Era imposible saber dónde podría estar. Había pasado ya más de una hora desde que lo vimos por última vez, era demasiado tiempo para dar con él. Podría haber ido en cualquier dirección. Sí, Helmo estaba completamente fuera de sus cabales. Con seguridad los soldados lo habrían apresado ya y lo estaban preparando para llevárselo al frente, o en el mejor de los casos se habría perdido.
Sé que mi madre se lamentaba y se sentía culpable por no haber podido prever e impedir su escabullida. Aún sigo enfadado con él por su inconsciencia y por hacerla sentir mal.
Madre gestionó lo mejor que pudo aquella situación. Siempre fue una persona muy prudente, pero aquella noche actuó con firmeza, decisión y coraje. Los acontecimientos iban cobrando tintes cada vez más dramáticos.

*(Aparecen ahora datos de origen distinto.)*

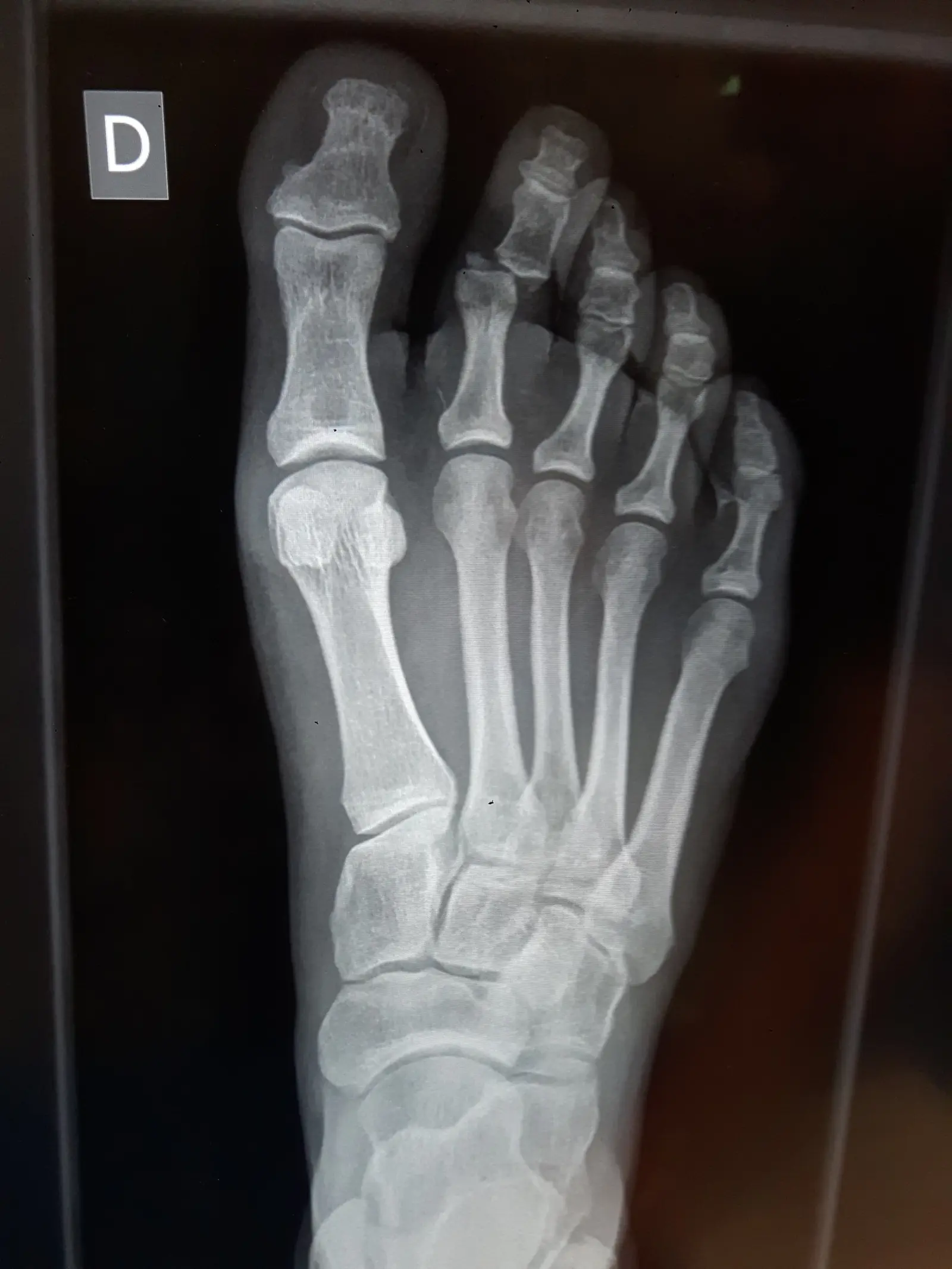 Un pied amoché. Photo : Louis-Princesse.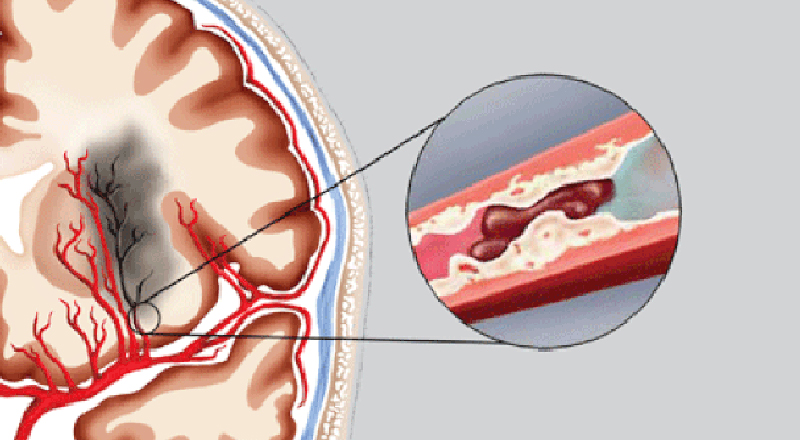 Đột quỵ có phải do hẹp mạch máu não không?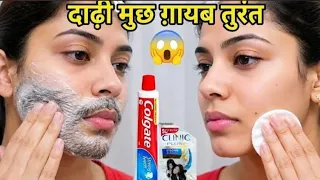 दो साल से परेशान थी😔एक चीज लगाते ही चेहरे के बाल गायब😱तुरंत प्रूफ || facial hair removal at home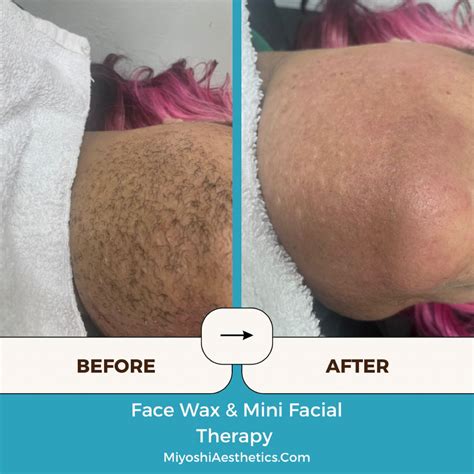 What is PCOS facial hair? Polycystic ovary syndrome (PCOS) is the most common hormone problem in ...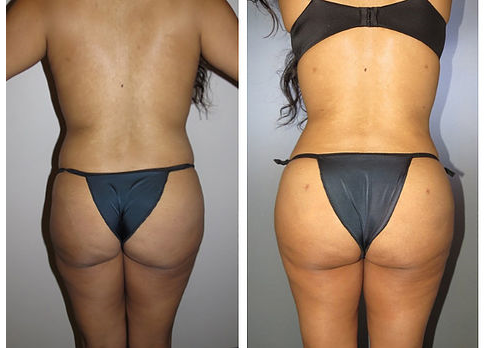 NYC Brazilian Butt Lift - Selfie Plastic Surgery Brazilian Wax Before And A...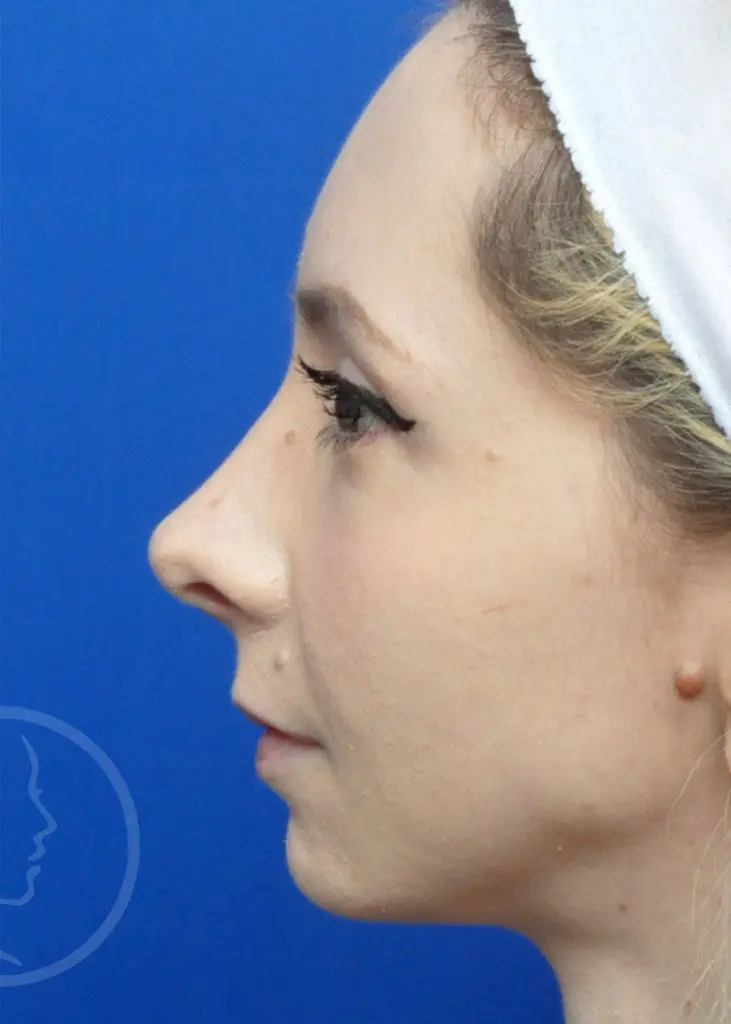 Plastic Surgery Before and After Pictures in Jacksonville, FL - Garcia Facial Plastic Surgery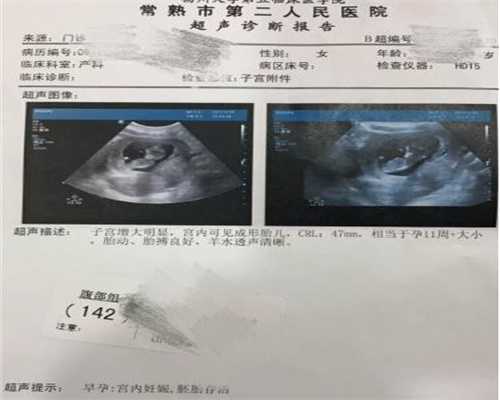 上海专业找代怀孕价格-代怀孕宝宝换尿布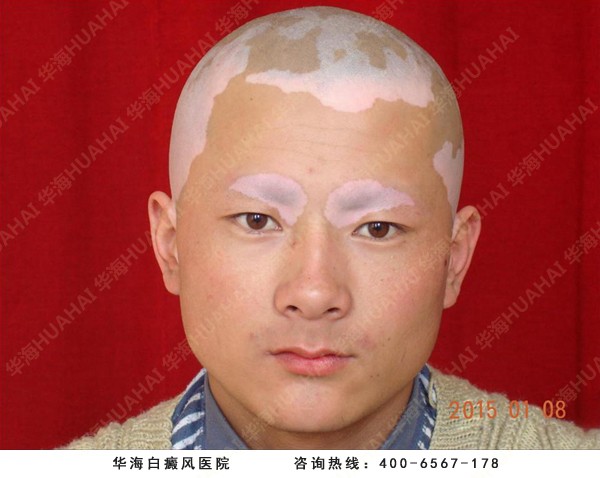 白癜风患者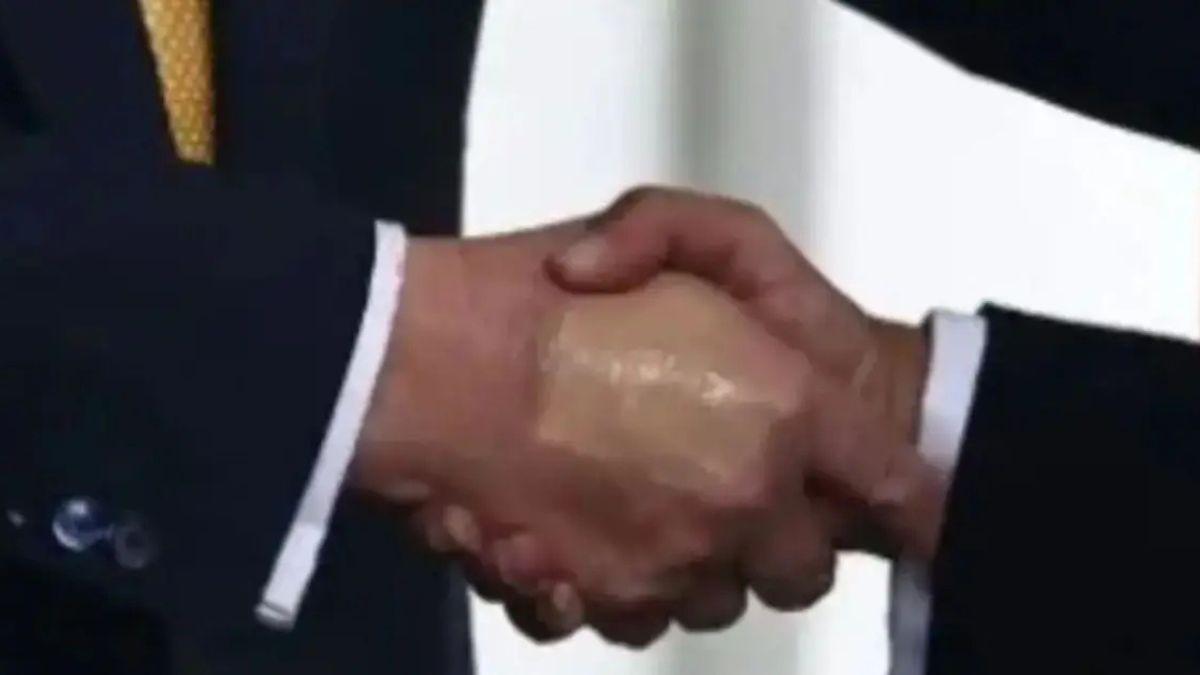 Photo of Donald Trump has been known to use makeup to cover his bruises on his hands. 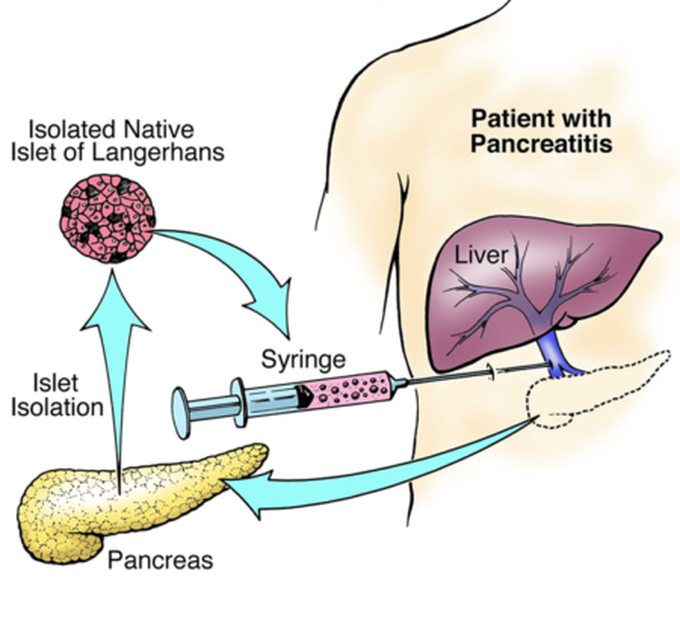 Treatment of Pancreatic divisum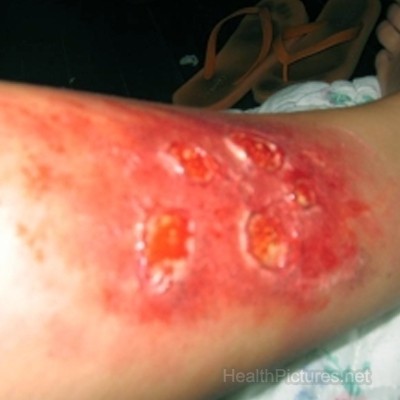 Как ухаживать за лежачими больными?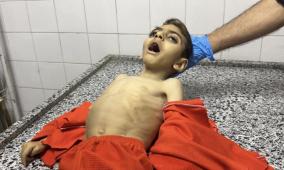 سلاح التجويع الإسرائيلي يقتل طفلا في غزة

—Debéis marcharos ya —dictaminó, serena, nuestra madre—. Tenéis un largo viaje hasta llegar a vuestro destino. Ojalá encontréis de camino a la estación a Helmo, pero lo dudo. Hasta que subáis al tren debéis tener mucha cautela. Si os encontráis a algún soldado y os pregunta, ceñíos a lo que habéis leído. Respondedles con su mismo saludo y sin miedo. Rezaré por vosotros cada día para que estéis bien y para que Dios os ayude y os dé fuerza.
Hasta aquel día siempre fui un niño feliz, nunca me faltó de nada ni eché nada de menos, pero aquella noche tuve que madurar a la fuerza. A partir de entonces mis años se duplicaron y una vejez precoz pudrió todo mi destino, colmándolo de soledad. Mi futuro se esfumó y mis pecados me aplastaron. Aquel día mi vida y las de todos comenzaron a cambiar. Y empecé a perder todo y todo me faltó.